By eliminating the conventional base frame, there is achieved a mobile storage system that is economic to manufacture and to install, and is able to maximise use of the storage height available between a floor and a ceiling. The positioning of the wheels at the lower ends of the upright members ensures that loading forces are transmitted directly downwardly to the floor, via the wheels and tracks, when present, and adequate strength and rigidity can be ensured without the need for a rigid chassis extending continuously along the full length of the storage assembly.

In a presently preferred construction the wheels are arranged to run on floor mounted tracks, and the at least some of wheels are guided by the tracks for ensuring linear movement of the storage assembly, for example by the wheels being flanged for cooperation with the tracks. Conveniently two wheels are mounted to each upright member with the wheel axes being parallel and spaced apart in the direction of the linear movement of the storage assembly.

The upright members may comprise generally planar panel members which can be formed from sheet metal, the panel members being in a plane parallel to the direction of linear movement. In an especially expedient construction each upright member includes a pair of panels and the wheels are mounted between the panels with peripheral portions protruding beyond the lower edges of the panels. An inverted channel shaped insert of sheet metal can be inserted between the panels at the lower end of each upright and have cut-outs in registration with corresponding cut-outs in the panels for receiving bearing blocks in which stub axles of the drive mechanism are journaled. The drive mechanism may include a stationary rack or chain fixed to the floor, a toothed cog in mesh therewith and a transmission for rotating the cog in response to operation of a driving member such as a hand wheel or an electric motor, the cog being mounted at the lower end of an upright member and being journaled in bearing blocks secured to the upright member.

The toothed cog can be keyed to a stub axle coupled, such as by a sleeve coupling, to one end of a drive transmission rod, the other end of the rod being coupled to a shaft journaled in bearings at the lower end of an adjacent upright member.

The minimum number of upright members included in each storage assembly is two, but preferably there are at least three upright members and possible up to eleven upright members, defining from two to ten storage bays. The drive mechanism, when there are several upright members, can include toothed driving cogs at the lower ends of two of the upright members and engaged with respective stationary racks or chains, the cogs being Cinematically coupled to be driven in unison in operation of the driving mechanism.

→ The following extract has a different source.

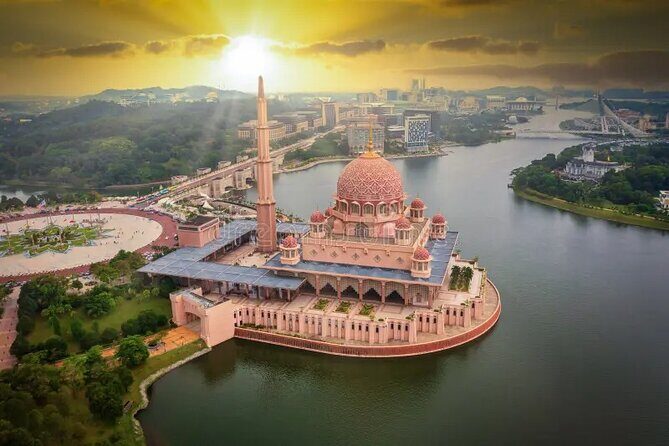 Putrajaya Pink Mosque and Blue Mosque Shah Alam Day Tour - Who Is This Tour Best Suited For?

The foregoing and other preferred features of the invention will be understood more clearly from the following detailed description of a mobile storage system embodying the invention, reference being made to the accompanying drawings, in which: Figure 1 is a side view of a mobile storage system embodying the invention and shown partly in cross-section; Figure 2 is an end view of the mobile storage system of Figure 1; Figure 3 is an isometric view showing a storage assembly of the mobile storage system; Figure 4 is an end elevation of the assembly shown in Figure 3; Figure 5 is an exploded view of a section of the assembly shown in Figures 3 and 4; Figure 6 is a side elevation of the assembly section of Figure 5; Figure 7 is a plan view of the assembly section of Figure 5; Figure 8 shows a cross-sectional detail of Figure I on an enlarged scale; Figure 9 illustrates a modified cross-sectional detail similar to that of Figure 8; Figure 10 shows another cross-sectional detail of Figure I on an enlarged scale; Figure 11 to 14 are cross-sections showing alternative floor details for the guide tracks; and Figures 15a to 15g illustrate drive mechanisms for storage assemblies with from two to eight upright members.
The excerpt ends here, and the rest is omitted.